### [PROBLEM STATEMENT]
None of the pictures should be copied, though every line of the listing must be printed exactly.

*** Opening of SOURCE MATERIAL ***

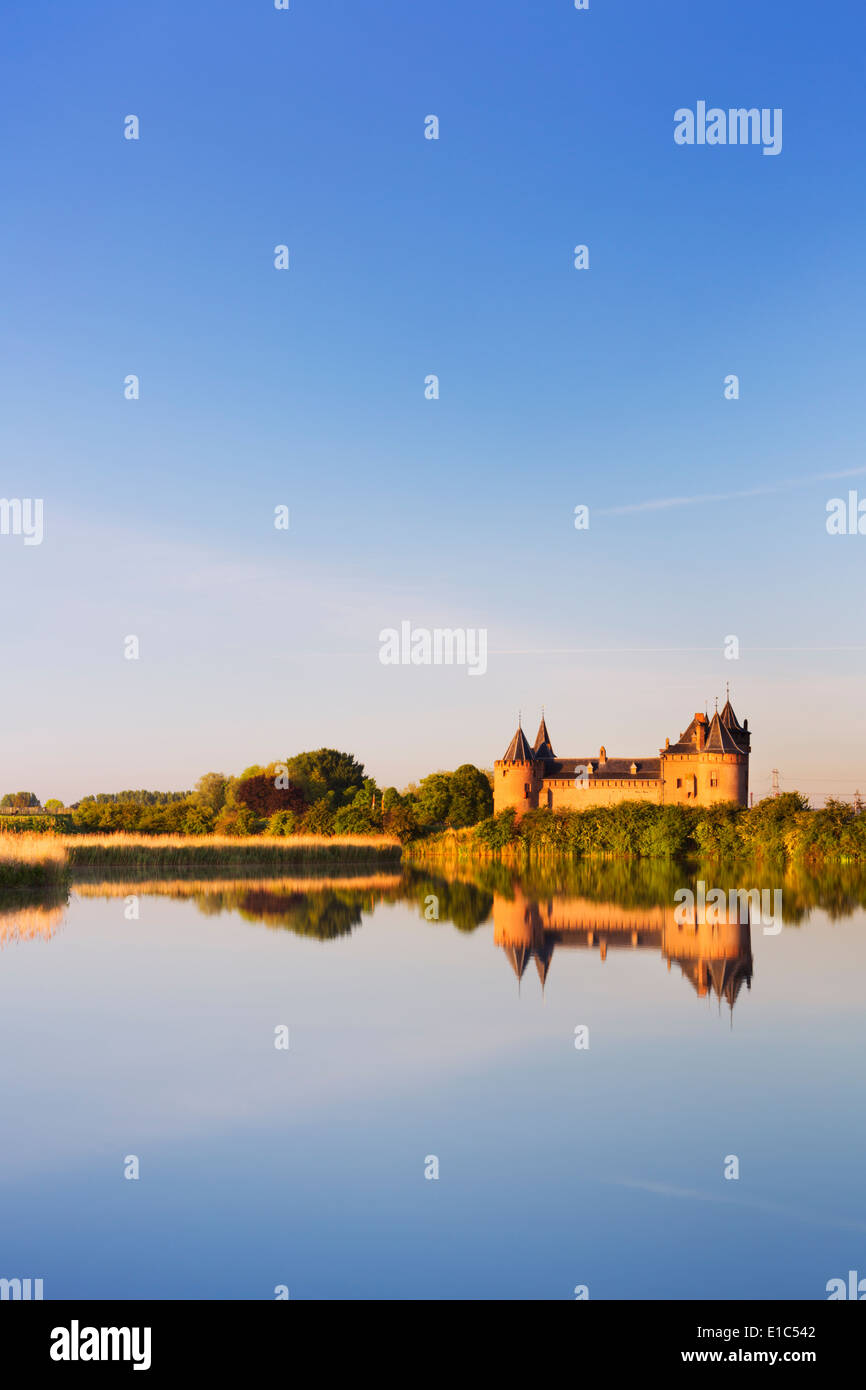 Eine mittelalterliche Burg spiegelt sich in einem See bei Sonnenaufgang Stockfoto
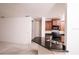 Modern kitchen features dark wood cabinetry, granite countertops, and stainless steel appliances at 145 Palazzo Ln, Kissimmee, FL 34759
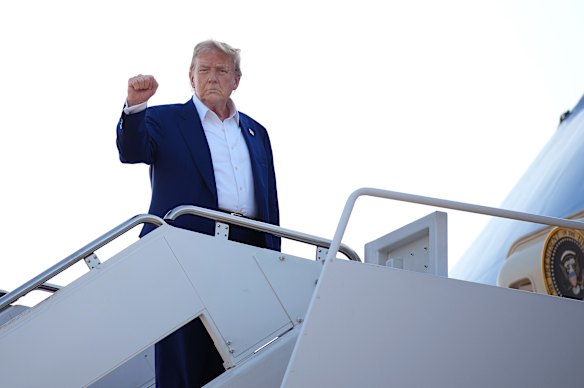 Trump boards Air Force One to fly to the NATO summit.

*** Close of SOURCE MATERIAL ***

### [EXERCISE ANSWER]
 Eine mittelalterliche Burg spiegelt sich in einem See bei Sonnenaufgang Stockfoto
 Modern kitchen features dark wood cabinetry, granite countertops, and stainless steel appliances at 145 Palazzo Ln, Kissimmee, FL 34759
 Trump boards Air Force One to fly to the NATO summit.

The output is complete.